And we continue to see good urbanization in a lot of cities. Then you have others where the situation is more challenging. So I think when we look at this net net, that's how we come to our outlook and based on customer activity and the activity on the ground that we see, that's our best and most transparent outlook for the market.
Would you dare to look into 2016?
As you know, Mikael, we don't at this stage of the year give outlook for 2016. I think what's important, as I mentioned, that we still are confident that urbanization will continue to be strong in China and the quality of urbanization will continue to improve and that is driving the density of elevators and escalators in the market driving higher standards of living, all of which are positive. So I think what I mentioned is that when we start to see now again transaction volumes improving quite strongly in Q2, that gives us confidence that longer term the market has good opportunities even though we see the clear uncertainty at the moment.
Thank you. Can I also ask about net working capital trends? Obviously, we had not quite a regular pattern if you look at the second half of last year Q1 this year and Q2 this year. Can you give us your expectation for net working capital development in the second half? Thank you.
So first of all, we don't give guidance to our balance sheet items and cash flow either. But yes, we have seen fluctuations, but that is like mostly related to payables. But I would say that if net working capital is negative €9.50 €950,000,000 So we are very pleased with that level.
Thank you very much.
Thank you. We can now take our next question. It comes from Fan Fang of Summit View. Please go ahead, sir.

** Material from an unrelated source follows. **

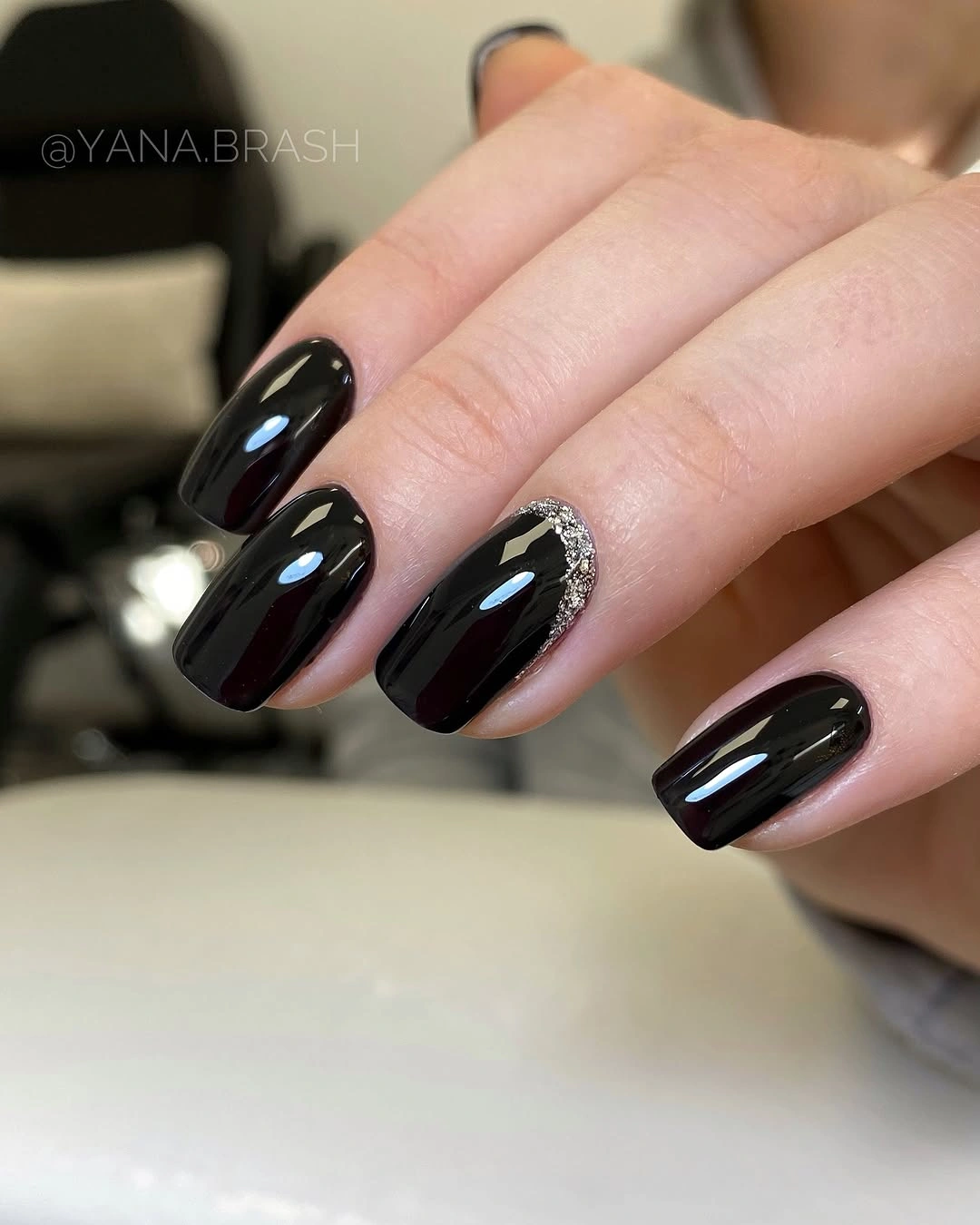 glossy black short nails with tiny pale accent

Hi, there. Congratulations on the very good, very solid results for the second quarter. One thing I want to further understand is your EBIT margin in the second quarter actually advanced a lot. So could you help me to understand what kind of like the major reason that drives the EBIT margin growth?

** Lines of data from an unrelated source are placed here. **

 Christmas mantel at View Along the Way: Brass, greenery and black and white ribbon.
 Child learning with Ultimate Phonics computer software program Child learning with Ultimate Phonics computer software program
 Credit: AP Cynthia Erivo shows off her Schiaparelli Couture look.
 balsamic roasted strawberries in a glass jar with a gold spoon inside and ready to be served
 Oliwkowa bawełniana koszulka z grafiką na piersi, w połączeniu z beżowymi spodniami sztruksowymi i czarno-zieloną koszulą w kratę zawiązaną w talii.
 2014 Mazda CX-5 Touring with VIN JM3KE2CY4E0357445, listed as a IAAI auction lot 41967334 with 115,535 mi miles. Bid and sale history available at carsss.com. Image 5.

Well, I would say that there are 2 main reasons behind it. 1 is the overall solid performance we had on a broad basis. That brought us good profitable growth and good profitability. Also when we have favorable translation exchange rates at this level that little bit also helps our margin because just if you look at costs such as research and development and process development, those are more euro weighted. So therefore, a shift in exchange rate a little bit helps our margin as well.

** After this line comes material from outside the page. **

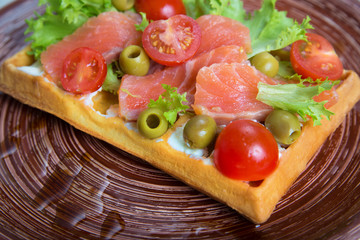 Plate of belgian waffles with salmon, tomatoes, herbs and balsamic vinegar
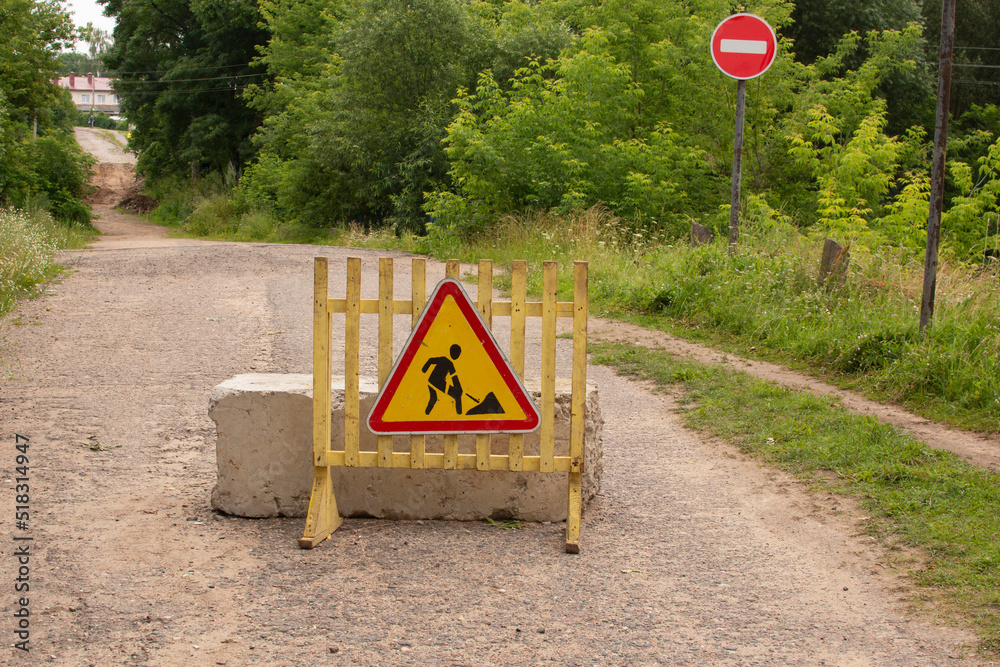 Road Works Sign For Construction Works In City Street Road Under road-works-sign-for-construction-works-in-city-street-road-under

But I would say it's a combination of it's not one specific area. It's I would say it's the broad based solid execution plus then a little bit of exchange rates.
Thank you. Is the low material cost and also part supply also help to that?
That has helped a little bit. So, Rich, our raw material impact for the quarter was about €5,000,000 And we have to remember that one of the areas we said and we have strengthened the competitiveness of our offering, we have slightly benefited not much from raw material, but there has been design change and sourcing impact and so forth. There are many different areas that contribute to that and that's the reason we've been able to maintain a good and healthy level of our orders received.
Could you help me to understand the cost structure of your new equipment production?
In which way?
Like how much is from raw materials and parts? How much is from labor, things like that?
So first of all, raw material is not that significant of a part of it. You have to remember that we don't buy really raw material directly. It's embedded in components that we acquire. So a lot of the standard most of the standard components we buy from our suppliers. We then assemble some of the parts ourselves.
So I would say most of the cost comes from buying components from our suppliers. And of course they have all of the components. So
in the cost structure what's the breakdown of the component supply outsourced from 3rd party?
So that's a very significant part of our cost base in our new equipment is what we buy from suppliers.
Do we see like price decline from those component supplier?
They always you have to look at the answer is yes and you have to look at where does it come from. It comes from of course working with suppliers on improving designs. We have to remember that with the very significant volumes we have, we have a good benefit in the market of getting benefits from that volume. So it comes from many different sources.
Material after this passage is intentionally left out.